━━━ Supplied data ━━━

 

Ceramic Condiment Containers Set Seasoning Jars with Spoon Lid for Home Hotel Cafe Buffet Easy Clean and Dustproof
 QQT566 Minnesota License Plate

━━━
━━━ Supplied data ━━━

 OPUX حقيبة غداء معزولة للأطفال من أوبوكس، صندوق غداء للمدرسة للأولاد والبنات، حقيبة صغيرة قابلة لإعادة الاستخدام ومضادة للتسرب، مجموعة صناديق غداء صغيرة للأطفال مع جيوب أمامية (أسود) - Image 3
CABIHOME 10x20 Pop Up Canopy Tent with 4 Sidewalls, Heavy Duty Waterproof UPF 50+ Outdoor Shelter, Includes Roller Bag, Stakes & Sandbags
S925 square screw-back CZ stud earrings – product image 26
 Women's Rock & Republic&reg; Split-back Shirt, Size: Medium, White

━━━

* [How to complete this task]:
Retype only the stretch of lines above starting at the one with "S925 square screw-back" and stopping at the one with "Women's Rock &", exactly as written, with both kept.

* [Answer for this exercise]:
S925 square screw-back CZ stud earrings – product image 26
 Women's Rock & Republic&reg; Split-back Shirt, Size: Medium, White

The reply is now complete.